[[ Recorded data, beginning ]]
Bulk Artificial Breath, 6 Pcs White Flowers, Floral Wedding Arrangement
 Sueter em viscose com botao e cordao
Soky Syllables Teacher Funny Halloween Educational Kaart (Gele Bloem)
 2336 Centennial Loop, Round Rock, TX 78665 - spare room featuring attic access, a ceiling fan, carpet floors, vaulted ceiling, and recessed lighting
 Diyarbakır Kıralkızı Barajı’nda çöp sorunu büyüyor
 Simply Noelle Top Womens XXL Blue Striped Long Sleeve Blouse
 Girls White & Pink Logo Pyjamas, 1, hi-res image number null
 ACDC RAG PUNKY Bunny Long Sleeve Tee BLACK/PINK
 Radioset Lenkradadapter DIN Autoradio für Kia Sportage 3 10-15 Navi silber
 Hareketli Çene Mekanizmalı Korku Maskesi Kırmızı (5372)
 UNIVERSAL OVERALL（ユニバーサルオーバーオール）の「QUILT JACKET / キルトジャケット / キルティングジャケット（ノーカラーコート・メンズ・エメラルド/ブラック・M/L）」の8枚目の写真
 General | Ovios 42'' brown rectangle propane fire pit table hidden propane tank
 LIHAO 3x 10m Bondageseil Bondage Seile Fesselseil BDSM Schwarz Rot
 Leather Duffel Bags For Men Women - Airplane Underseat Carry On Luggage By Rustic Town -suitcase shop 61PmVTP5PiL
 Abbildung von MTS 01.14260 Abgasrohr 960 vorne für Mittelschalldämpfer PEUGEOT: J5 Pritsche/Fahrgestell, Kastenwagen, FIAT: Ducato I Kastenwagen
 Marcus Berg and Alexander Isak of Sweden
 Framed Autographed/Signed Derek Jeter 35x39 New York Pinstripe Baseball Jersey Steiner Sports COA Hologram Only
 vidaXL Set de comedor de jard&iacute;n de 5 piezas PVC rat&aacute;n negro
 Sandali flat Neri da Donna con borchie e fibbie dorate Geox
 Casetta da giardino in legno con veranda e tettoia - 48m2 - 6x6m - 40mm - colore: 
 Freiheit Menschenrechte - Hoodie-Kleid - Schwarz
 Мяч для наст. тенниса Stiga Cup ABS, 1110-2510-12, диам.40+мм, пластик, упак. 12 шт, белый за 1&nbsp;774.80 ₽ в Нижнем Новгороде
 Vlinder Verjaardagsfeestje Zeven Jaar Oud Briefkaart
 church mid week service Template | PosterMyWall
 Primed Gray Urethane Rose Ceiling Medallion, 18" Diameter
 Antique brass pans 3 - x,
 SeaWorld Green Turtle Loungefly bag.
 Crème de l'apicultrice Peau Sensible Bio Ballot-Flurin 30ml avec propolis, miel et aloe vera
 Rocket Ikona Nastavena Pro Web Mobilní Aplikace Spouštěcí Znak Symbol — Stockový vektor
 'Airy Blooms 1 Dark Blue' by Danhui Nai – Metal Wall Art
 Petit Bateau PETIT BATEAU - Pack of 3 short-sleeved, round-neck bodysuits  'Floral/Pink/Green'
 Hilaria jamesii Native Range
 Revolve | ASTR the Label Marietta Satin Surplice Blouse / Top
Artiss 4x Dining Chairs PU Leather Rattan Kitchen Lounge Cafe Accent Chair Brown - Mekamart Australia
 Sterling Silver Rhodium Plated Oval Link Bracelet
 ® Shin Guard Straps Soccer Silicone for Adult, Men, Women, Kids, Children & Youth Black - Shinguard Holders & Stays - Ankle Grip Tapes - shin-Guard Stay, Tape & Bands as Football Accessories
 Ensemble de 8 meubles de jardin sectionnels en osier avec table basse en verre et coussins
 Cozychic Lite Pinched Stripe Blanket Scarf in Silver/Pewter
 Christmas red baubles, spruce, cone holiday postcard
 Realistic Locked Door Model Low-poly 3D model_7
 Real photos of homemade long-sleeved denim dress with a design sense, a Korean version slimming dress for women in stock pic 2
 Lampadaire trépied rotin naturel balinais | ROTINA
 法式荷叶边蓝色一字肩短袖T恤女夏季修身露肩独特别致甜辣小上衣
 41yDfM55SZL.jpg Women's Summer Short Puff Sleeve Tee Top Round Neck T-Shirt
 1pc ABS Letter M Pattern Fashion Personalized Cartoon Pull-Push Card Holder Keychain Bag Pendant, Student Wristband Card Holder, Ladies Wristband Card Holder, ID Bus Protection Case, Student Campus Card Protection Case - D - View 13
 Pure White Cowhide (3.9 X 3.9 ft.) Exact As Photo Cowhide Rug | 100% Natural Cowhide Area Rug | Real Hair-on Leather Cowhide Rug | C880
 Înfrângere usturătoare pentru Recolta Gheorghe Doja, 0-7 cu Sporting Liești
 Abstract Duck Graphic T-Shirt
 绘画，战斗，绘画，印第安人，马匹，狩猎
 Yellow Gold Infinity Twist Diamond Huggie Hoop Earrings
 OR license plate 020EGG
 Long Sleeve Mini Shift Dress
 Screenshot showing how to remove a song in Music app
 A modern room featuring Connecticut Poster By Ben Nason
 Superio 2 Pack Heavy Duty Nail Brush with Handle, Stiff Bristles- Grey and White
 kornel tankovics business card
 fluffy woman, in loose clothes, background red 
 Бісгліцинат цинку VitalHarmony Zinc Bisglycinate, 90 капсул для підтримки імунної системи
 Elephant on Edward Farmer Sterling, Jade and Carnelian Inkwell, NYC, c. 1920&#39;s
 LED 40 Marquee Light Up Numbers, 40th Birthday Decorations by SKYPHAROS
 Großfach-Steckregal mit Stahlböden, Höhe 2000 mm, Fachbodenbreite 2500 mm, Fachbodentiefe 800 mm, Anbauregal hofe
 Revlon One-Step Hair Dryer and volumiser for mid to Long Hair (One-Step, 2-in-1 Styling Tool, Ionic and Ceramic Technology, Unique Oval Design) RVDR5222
[[ Recorded data, end ]]
■ Work required:
Could you give every entry again, exactly as written?

■ Answer area:
Bulk Artificial Breath, 6 Pcs White Flowers, Floral Wedding Arrangement
 Sueter em viscose com botao e cordao
Soky Syllables Teacher Funny Halloween Educational Kaart (Gele Bloem)
 2336 Centennial Loop, Round Rock, TX 78665 - spare room featuring attic access, a ceiling fan, carpet floors, vaulted ceiling, and recessed lighting
 Diyarbakır Kıralkızı Barajı’nda çöp sorunu büyüyor
 Simply Noelle Top Womens XXL Blue Striped Long Sleeve Blouse
 Girls White & Pink Logo Pyjamas, 1, hi-res image number null
 ACDC RAG PUNKY Bunny Long Sleeve Tee BLACK/PINK
 Radioset Lenkradadapter DIN Autoradio für Kia Sportage 3 10-15 Navi silber
 Hareketli Çene Mekanizmalı Korku Maskesi Kırmızı (5372)
 UNIVERSAL OVERALL（ユニバーサルオーバーオール）の「QUILT JACKET / キルトジャケット / キルティングジャケット（ノーカラーコート・メンズ・エメラルド/ブラック・M/L）」の8枚目の写真
 General | Ovios 42'' brown rectangle propane fire pit table hidden propane tank
 LIHAO 3x 10m Bondageseil Bondage Seile Fesselseil BDSM Schwarz Rot
 Leather Duffel Bags For Men Women - Airplane Underseat Carry On Luggage By Rustic Town -suitcase shop 61PmVTP5PiL
 Abbildung von MTS 01.14260 Abgasrohr 960 vorne für Mittelschalldämpfer PEUGEOT: J5 Pritsche/Fahrgestell, Kastenwagen, FIAT: Ducato I Kastenwagen
 Marcus Berg and Alexander Isak of Sweden
 Framed Autographed/Signed Derek Jeter 35x39 New York Pinstripe Baseball Jersey Steiner Sports COA Hologram Only
 vidaXL Set de comedor de jard&iacute;n de 5 piezas PVC rat&aacute;n negro
 Sandali flat Neri da Donna con borchie e fibbie dorate Geox
 Casetta da giardino in legno con veranda e tettoia - 48m2 - 6x6m - 40mm - colore: 
 Freiheit Menschenrechte - Hoodie-Kleid - Schwarz
 Мяч для наст. тенниса Stiga Cup ABS, 1110-2510-12, диам.40+мм, пластик, упак. 12 шт, белый за 1&nbsp;774.80 ₽ в Нижнем Новгороде
 Vlinder Verjaardagsfeestje Zeven Jaar Oud Briefkaart
 church mid week service Template | PosterMyWall
 Primed Gray Urethane Rose Ceiling Medallion, 18" Diameter
 Antique brass pans 3 - x,
 SeaWorld Green Turtle Loungefly bag.
 Crème de l'apicultrice Peau Sensible Bio Ballot-Flurin 30ml avec propolis, miel et aloe vera
 Rocket Ikona Nastavena Pro Web Mobilní Aplikace Spouštěcí Znak Symbol — Stockový vektor
 'Airy Blooms 1 Dark Blue' by Danhui Nai – Metal Wall Art
 Petit Bateau PETIT BATEAU - Pack of 3 short-sleeved, round-neck bodysuits  'Floral/Pink/Green'
 Hilaria jamesii Native Range
 Revolve | ASTR the Label Marietta Satin Surplice Blouse / Top
Artiss 4x Dining Chairs PU Leather Rattan Kitchen Lounge Cafe Accent Chair Brown - Mekamart Australia
 Sterling Silver Rhodium Plated Oval Link Bracelet
 ® Shin Guard Straps Soccer Silicone for Adult, Men, Women, Kids, Children & Youth Black - Shinguard Holders & Stays - Ankle Grip Tapes - shin-Guard Stay, Tape & Bands as Football Accessories
 Ensemble de 8 meubles de jardin sectionnels en osier avec table basse en verre et coussins
 Cozychic Lite Pinched Stripe Blanket Scarf in Silver/Pewter
 Christmas red baubles, spruce, cone holiday postcard
 Realistic Locked Door Model Low-poly 3D model_7
 Real photos of homemade long-sleeved denim dress with a design sense, a Korean version slimming dress for women in stock pic 2
 Lampadaire trépied rotin naturel balinais | ROTINA
 法式荷叶边蓝色一字肩短袖T恤女夏季修身露肩独特别致甜辣小上衣
 41yDfM55SZL.jpg Women's Summer Short Puff Sleeve Tee Top Round Neck T-Shirt
 1pc ABS Letter M Pattern Fashion Personalized Cartoon Pull-Push Card Holder Keychain Bag Pendant, Student Wristband Card Holder, Ladies Wristband Card Holder, ID Bus Protection Case, Student Campus Card Protection Case - D - View 13
 Pure White Cowhide (3.9 X 3.9 ft.) Exact As Photo Cowhide Rug | 100% Natural Cowhide Area Rug | Real Hair-on Leather Cowhide Rug | C880
 Înfrângere usturătoare pentru Recolta Gheorghe Doja, 0-7 cu Sporting Liești
 Abstract Duck Graphic T-Shirt
 绘画，战斗，绘画，印第安人，马匹，狩猎
 Yellow Gold Infinity Twist Diamond Huggie Hoop Earrings
 OR license plate 020EGG
 Long Sleeve Mini Shift Dress
 Screenshot showing how to remove a song in Music app
 A modern room featuring Connecticut Poster By Ben Nason
 Superio 2 Pack Heavy Duty Nail Brush with Handle, Stiff Bristles- Grey and White
 kornel tankovics business card
 fluffy woman, in loose clothes, background red 
 Бісгліцинат цинку VitalHarmony Zinc Bisglycinate, 90 капсул для підтримки імунної системи
 Elephant on Edward Farmer Sterling, Jade and Carnelian Inkwell, NYC, c. 1920&#39;s
 LED 40 Marquee Light Up Numbers, 40th Birthday Decorations by SKYPHAROS
 Großfach-Steckregal mit Stahlböden, Höhe 2000 mm, Fachbodenbreite 2500 mm, Fachbodentiefe 800 mm, Anbauregal hofe
 Revlon One-Step Hair Dryer and volumiser for mid to Long Hair (One-Step, 2-in-1 Styling Tool, Ionic and Ceramic Technology, Unique Oval Design) RVDR5222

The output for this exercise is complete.